## 贝叶斯分类
### 1. 贝叶斯分类器
贝叶斯分类器是一类分类算法的总称，这类算法均以贝叶斯定理为基础
$$
P(y|x) = \frac{P(x|y)P(y)}{P(x)}
$$
贝叶斯分类器的决策过程是**基于特征之间的条件独立性假设，即假设每个特征之间相互独立**，那么似然就可以写成：
$$
P(x|y) = P(x_{1},x_{2},...,x_{n}|y) = P(x_{1}|y)P(x_{2}|y)...P(x_{n}|y)
$$


对于给定的输入x，通过计算后验概率$ P(y|x) $来决定x的类别。

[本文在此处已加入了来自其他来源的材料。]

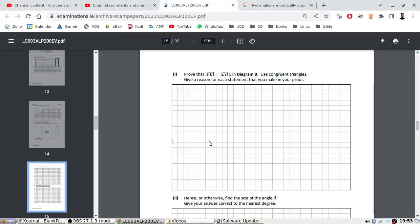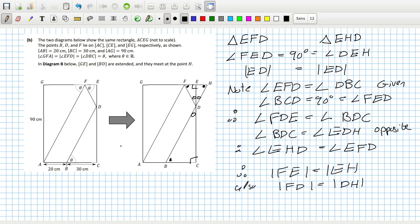So we can now say all the angles are equal and we know that they share this side here. Therefore we can arrive at: length FE equals length EH, and also length FD equals length DH. Right, that was a bit messy. Hence, otherwise by the size of angle theta — okay, now I've got to find theta. We know that's 90, that's 20, and that's 30.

贝叶斯分类器的决策规则为：对于输入x，选择能使后验概率$P(y|x)$最大的类别y作为x的类别，贝叶斯分类器的决策规则为：
$$
\hat{y} = argmax_{y_{i}}P(y_{i}|x) = argmax_{y_{i}}\frac{P(x|y_{i})P(y_{i})}{P(x)}
$$


In [7]:
import pandas as pd
import numpy as np
df = pd.read_excel(
    r'E:\python\python\machine_learning\data\bayes_decision.xlsx')
del df['Day']
df.head()

Unnamed: 0,Outlook,Temperature,Humidity,Wind,Play Tennis
0,Sunny,Hot,High,Weak,No
1,Sunny,Hot,High,Strong,No
2,Overcast,Hot,High,Weak,Yes
3,Rain,Mild,High,Weak,Yes
4,Rain,Cool,Normal,Weak,Yes


In [8]:
num2feature={ i:feature  for i,feature in  enumerate(df.columns)}
num2feature

{0: 'Outlook', 1: 'Temperature', 2: 'Humidity', 3: 'Wind', 4: 'Play Tennis'}

In [9]:
featureEncoder=[ df[col].unique().tolist() for col in df.columns]
featureEncoder={ y:j for i in featureEncoder for j,y in enumerate(i)}
labelEncoder={ y:j for j,y in enumerate(df[df.columns[-1]].unique())}
featureEncoder,labelEncoder

({'Sunny': 0,
  'Overcast': 1,
  'Rain': 2,
  'Hot': 0,
  'Mild': 1,
  'Cool': 2,
  'High': 0,
  'Normal': 1,
  'Weak': 0,
  'Strong': 1,
  'No': 0,
  'Yes': 1},
 {'No': 0, 'Yes': 1})

In [10]:
for col in df.columns:
    df[col]=df[col].map(featureEncoder)

df

Unnamed: 0,Outlook,Temperature,Humidity,Wind,Play Tennis
0,0,0,0,0,0
1,0,0,0,1,0
2,1,0,0,0,1
3,2,1,0,0,1
4,2,2,1,0,1
5,2,2,1,1,0
6,1,2,1,1,1
7,0,1,0,0,0
8,0,2,1,0,1
9,2,1,1,0,1


In [11]:
x=df[df.columns[:-1]]
y=df[df.columns[-1]]
x

Unnamed: 0,Outlook,Temperature,Humidity,Wind
0,0,0,0,0
1,0,0,0,1
2,1,0,0,0
3,2,1,0,0
4,2,2,1,0
5,2,2,1,1
6,1,2,1,1
7,0,1,0,0
8,0,2,1,0
9,2,1,1,0


In [12]:
class NaiveBayesClassifier:
    def __init__(self, df):
        self.df = df
        self.prior_prob = {}
        self.likelihood = {}

    def navie_bayes(self):
        # 计算先验概率
        label_counts = self.df['Play Tennis'].value_counts()
        total_count = len(self.df)
        self.prior_prob = {label: count /
                           total_count for label, count in label_counts.items()}
        # 计算条件概率（似然）
        for label in label_counts.index:
            self.likelihood[label] = {}
            label_df = self.df[self.df['Play Tennis'] == label] # 取出标签列为label的行
            for col in self.df.columns[:-1]:  # 不包含标签列
                self.likelihood[label][col] = {}
                for value, count in label_df[col].value_counts().items():
                # 取出特征列col中每个值的个数
                    self.likelihood[label][col][value] = count / \
                        label_counts[label]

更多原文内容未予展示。